**Assignment:** Reproduce each line of the material precisely.

**Material for the task:**
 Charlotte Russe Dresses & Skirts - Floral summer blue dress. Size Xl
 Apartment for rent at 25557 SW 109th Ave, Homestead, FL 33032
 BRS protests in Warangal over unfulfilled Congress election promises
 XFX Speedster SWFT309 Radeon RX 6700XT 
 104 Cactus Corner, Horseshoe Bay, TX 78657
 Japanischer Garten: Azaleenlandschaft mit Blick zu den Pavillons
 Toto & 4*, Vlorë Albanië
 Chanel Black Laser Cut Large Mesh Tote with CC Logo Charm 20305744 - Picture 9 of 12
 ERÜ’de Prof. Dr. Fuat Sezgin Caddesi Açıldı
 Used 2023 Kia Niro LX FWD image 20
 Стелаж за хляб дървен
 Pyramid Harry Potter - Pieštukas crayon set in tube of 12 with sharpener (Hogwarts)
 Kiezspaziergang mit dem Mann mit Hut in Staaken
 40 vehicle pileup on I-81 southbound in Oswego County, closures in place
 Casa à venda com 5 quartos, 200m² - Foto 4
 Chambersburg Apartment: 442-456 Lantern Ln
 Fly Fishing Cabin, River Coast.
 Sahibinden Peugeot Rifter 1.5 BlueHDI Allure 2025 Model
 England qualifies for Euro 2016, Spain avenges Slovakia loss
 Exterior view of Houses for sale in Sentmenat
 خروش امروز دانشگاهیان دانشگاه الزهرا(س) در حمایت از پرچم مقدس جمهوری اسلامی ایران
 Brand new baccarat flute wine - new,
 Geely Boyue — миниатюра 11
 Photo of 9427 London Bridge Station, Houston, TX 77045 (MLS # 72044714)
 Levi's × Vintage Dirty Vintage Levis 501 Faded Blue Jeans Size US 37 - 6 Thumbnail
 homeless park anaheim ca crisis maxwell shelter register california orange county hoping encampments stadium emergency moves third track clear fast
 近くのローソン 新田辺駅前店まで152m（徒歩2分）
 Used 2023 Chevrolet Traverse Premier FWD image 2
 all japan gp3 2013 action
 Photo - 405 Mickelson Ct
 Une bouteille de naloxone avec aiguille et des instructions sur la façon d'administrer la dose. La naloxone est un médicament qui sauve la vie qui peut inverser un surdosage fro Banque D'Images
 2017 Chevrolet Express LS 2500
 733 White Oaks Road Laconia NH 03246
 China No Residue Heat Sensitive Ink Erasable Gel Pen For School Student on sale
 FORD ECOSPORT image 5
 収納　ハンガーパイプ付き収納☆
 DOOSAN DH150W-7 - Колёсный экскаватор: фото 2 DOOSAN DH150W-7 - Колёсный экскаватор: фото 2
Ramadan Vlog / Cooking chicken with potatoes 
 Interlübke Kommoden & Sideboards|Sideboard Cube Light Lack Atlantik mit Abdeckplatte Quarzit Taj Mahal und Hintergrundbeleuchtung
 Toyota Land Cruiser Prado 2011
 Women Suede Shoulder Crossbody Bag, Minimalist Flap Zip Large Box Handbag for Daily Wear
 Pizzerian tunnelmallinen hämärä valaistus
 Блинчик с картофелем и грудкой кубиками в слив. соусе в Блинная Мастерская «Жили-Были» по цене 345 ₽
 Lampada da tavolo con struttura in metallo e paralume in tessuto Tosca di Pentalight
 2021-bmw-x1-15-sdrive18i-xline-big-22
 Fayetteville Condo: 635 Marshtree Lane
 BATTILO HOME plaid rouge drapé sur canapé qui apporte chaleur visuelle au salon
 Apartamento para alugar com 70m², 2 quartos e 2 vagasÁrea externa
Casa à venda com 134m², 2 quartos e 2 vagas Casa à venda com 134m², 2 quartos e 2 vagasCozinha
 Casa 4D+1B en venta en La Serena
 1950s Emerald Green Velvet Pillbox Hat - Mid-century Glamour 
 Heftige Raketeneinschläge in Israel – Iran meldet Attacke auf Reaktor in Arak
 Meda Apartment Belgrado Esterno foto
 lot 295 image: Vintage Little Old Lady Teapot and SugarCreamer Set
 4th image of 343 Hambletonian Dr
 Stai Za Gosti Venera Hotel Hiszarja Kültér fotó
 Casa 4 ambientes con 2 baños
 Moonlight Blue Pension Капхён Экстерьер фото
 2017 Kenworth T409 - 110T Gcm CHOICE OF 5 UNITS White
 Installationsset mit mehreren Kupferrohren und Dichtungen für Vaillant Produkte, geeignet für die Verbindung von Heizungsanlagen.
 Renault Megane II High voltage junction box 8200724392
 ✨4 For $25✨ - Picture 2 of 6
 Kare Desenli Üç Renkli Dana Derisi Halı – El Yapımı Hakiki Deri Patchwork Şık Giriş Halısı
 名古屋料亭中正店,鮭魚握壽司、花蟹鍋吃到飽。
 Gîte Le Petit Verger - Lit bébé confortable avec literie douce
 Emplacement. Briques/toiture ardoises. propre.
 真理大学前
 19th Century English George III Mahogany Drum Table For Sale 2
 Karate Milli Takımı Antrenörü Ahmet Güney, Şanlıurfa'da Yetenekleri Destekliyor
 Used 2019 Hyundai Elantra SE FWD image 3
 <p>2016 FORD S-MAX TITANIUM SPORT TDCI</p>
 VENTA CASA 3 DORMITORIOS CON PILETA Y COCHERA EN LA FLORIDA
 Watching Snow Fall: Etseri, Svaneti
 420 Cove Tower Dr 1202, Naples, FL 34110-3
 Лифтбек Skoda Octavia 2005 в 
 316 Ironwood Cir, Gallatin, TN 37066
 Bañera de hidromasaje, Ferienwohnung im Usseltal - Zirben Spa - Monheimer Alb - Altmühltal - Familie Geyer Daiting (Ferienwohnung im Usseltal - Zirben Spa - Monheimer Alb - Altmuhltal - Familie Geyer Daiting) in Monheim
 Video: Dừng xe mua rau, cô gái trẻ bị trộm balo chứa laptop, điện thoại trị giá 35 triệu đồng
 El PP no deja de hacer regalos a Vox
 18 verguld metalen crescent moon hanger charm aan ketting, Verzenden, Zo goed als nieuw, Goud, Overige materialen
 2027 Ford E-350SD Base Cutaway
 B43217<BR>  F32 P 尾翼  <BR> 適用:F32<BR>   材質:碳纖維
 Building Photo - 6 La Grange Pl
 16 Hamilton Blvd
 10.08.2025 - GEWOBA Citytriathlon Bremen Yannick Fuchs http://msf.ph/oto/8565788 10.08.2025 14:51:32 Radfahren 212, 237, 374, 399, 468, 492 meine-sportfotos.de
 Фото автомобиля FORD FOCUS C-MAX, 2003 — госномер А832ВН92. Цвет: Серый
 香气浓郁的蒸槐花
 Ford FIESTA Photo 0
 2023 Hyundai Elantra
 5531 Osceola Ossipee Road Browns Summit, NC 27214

**Output of the exercise:**
 Charlotte Russe Dresses & Skirts - Floral summer blue dress. Size Xl
 Apartment for rent at 25557 SW 109th Ave, Homestead, FL 33032
 BRS protests in Warangal over unfulfilled Congress election promises
 XFX Speedster SWFT309 Radeon RX 6700XT 
 104 Cactus Corner, Horseshoe Bay, TX 78657
 Japanischer Garten: Azaleenlandschaft mit Blick zu den Pavillons
 Toto & 4*, Vlorë Albanië
 Chanel Black Laser Cut Large Mesh Tote with CC Logo Charm 20305744 - Picture 9 of 12
 ERÜ’de Prof. Dr. Fuat Sezgin Caddesi Açıldı
 Used 2023 Kia Niro LX FWD image 20
 Стелаж за хляб дървен
 Pyramid Harry Potter - Pieštukas crayon set in tube of 12 with sharpener (Hogwarts)
 Kiezspaziergang mit dem Mann mit Hut in Staaken
 40 vehicle pileup on I-81 southbound in Oswego County, closures in place
 Casa à venda com 5 quartos, 200m² - Foto 4
 Chambersburg Apartment: 442-456 Lantern Ln
 Fly Fishing Cabin, River Coast.
 Sahibinden Peugeot Rifter 1.5 BlueHDI Allure 2025 Model
 England qualifies for Euro 2016, Spain avenges Slovakia loss
 Exterior view of Houses for sale in Sentmenat
 خروش امروز دانشگاهیان دانشگاه الزهرا(س) در حمایت از پرچم مقدس جمهوری اسلامی ایران
 Brand new baccarat flute wine - new,
 Geely Boyue — миниатюра 11
 Photo of 9427 London Bridge Station, Houston, TX 77045 (MLS # 72044714)
 Levi's × Vintage Dirty Vintage Levis 501 Faded Blue Jeans Size US 37 - 6 Thumbnail
 homeless park anaheim ca crisis maxwell shelter register california orange county hoping encampments stadium emergency moves third track clear fast
 近くのローソン 新田辺駅前店まで152m（徒歩2分）
 Used 2023 Chevrolet Traverse Premier FWD image 2
 all japan gp3 2013 action
 Photo - 405 Mickelson Ct
 Une bouteille de naloxone avec aiguille et des instructions sur la façon d'administrer la dose. La naloxone est un médicament qui sauve la vie qui peut inverser un surdosage fro Banque D'Images
 2017 Chevrolet Express LS 2500
 733 White Oaks Road Laconia NH 03246
 China No Residue Heat Sensitive Ink Erasable Gel Pen For School Student on sale
 FORD ECOSPORT image 5
 収納　ハンガーパイプ付き収納☆
 DOOSAN DH150W-7 - Колёсный экскаватор: фото 2 DOOSAN DH150W-7 - Колёсный экскаватор: фото 2
Ramadan Vlog / Cooking chicken with potatoes 
 Interlübke Kommoden & Sideboards|Sideboard Cube Light Lack Atlantik mit Abdeckplatte Quarzit Taj Mahal und Hintergrundbeleuchtung
 Toyota Land Cruiser Prado 2011
 Women Suede Shoulder Crossbody Bag, Minimalist Flap Zip Large Box Handbag for Daily Wear
 Pizzerian tunnelmallinen hämärä valaistus
 Блинчик с картофелем и грудкой кубиками в слив. соусе в Блинная Мастерская «Жили-Были» по цене 345 ₽
 Lampada da tavolo con struttura in metallo e paralume in tessuto Tosca di Pentalight
 2021-bmw-x1-15-sdrive18i-xline-big-22
 Fayetteville Condo: 635 Marshtree Lane
 BATTILO HOME plaid rouge drapé sur canapé qui apporte chaleur visuelle au salon
 Apartamento para alugar com 70m², 2 quartos e 2 vagasÁrea externa
Casa à venda com 134m², 2 quartos e 2 vagas Casa à venda com 134m², 2 quartos e 2 vagasCozinha
 Casa 4D+1B en venta en La Serena
 1950s Emerald Green Velvet Pillbox Hat - Mid-century Glamour 
 Heftige Raketeneinschläge in Israel – Iran meldet Attacke auf Reaktor in Arak
 Meda Apartment Belgrado Esterno foto
 lot 295 image: Vintage Little Old Lady Teapot and SugarCreamer Set
 4th image of 343 Hambletonian Dr
 Stai Za Gosti Venera Hotel Hiszarja Kültér fotó
 Casa 4 ambientes con 2 baños
 Moonlight Blue Pension Капхён Экстерьер фото
 2017 Kenworth T409 - 110T Gcm CHOICE OF 5 UNITS White
 Installationsset mit mehreren Kupferrohren und Dichtungen für Vaillant Produkte, geeignet für die Verbindung von Heizungsanlagen.
 Renault Megane II High voltage junction box 8200724392
 ✨4 For $25✨ - Picture 2 of 6
 Kare Desenli Üç Renkli Dana Derisi Halı – El Yapımı Hakiki Deri Patchwork Şık Giriş Halısı
 名古屋料亭中正店,鮭魚握壽司、花蟹鍋吃到飽。
 Gîte Le Petit Verger - Lit bébé confortable avec literie douce
 Emplacement. Briques/toiture ardoises. propre.
 真理大学前
 19th Century English George III Mahogany Drum Table For Sale 2
 Karate Milli Takımı Antrenörü Ahmet Güney, Şanlıurfa'da Yetenekleri Destekliyor
 Used 2019 Hyundai Elantra SE FWD image 3
 <p>2016 FORD S-MAX TITANIUM SPORT TDCI</p>
 VENTA CASA 3 DORMITORIOS CON PILETA Y COCHERA EN LA FLORIDA
 Watching Snow Fall: Etseri, Svaneti
 420 Cove Tower Dr 1202, Naples, FL 34110-3
 Лифтбек Skoda Octavia 2005 в 
 316 Ironwood Cir, Gallatin, TN 37066
 Bañera de hidromasaje, Ferienwohnung im Usseltal - Zirben Spa - Monheimer Alb - Altmühltal - Familie Geyer Daiting (Ferienwohnung im Usseltal - Zirben Spa - Monheimer Alb - Altmuhltal - Familie Geyer Daiting) in Monheim
 Video: Dừng xe mua rau, cô gái trẻ bị trộm balo chứa laptop, điện thoại trị giá 35 triệu đồng
 El PP no deja de hacer regalos a Vox
 18 verguld metalen crescent moon hanger charm aan ketting, Verzenden, Zo goed als nieuw, Goud, Overige materialen
 2027 Ford E-350SD Base Cutaway
 B43217<BR>  F32 P 尾翼  <BR> 適用:F32<BR>   材質:碳纖維
 Building Photo - 6 La Grange Pl
 16 Hamilton Blvd
 10.08.2025 - GEWOBA Citytriathlon Bremen Yannick Fuchs http://msf.ph/oto/8565788 10.08.2025 14:51:32 Radfahren 212, 237, 374, 399, 468, 492 meine-sportfotos.de
 Фото автомобиля FORD FOCUS C-MAX, 2003 — госномер А832ВН92. Цвет: Серый
 香气浓郁的蒸槐花
 Ford FIESTA Photo 0
 2023 Hyundai Elantra
 5531 Osceola Ossipee Road Browns Summit, NC 27214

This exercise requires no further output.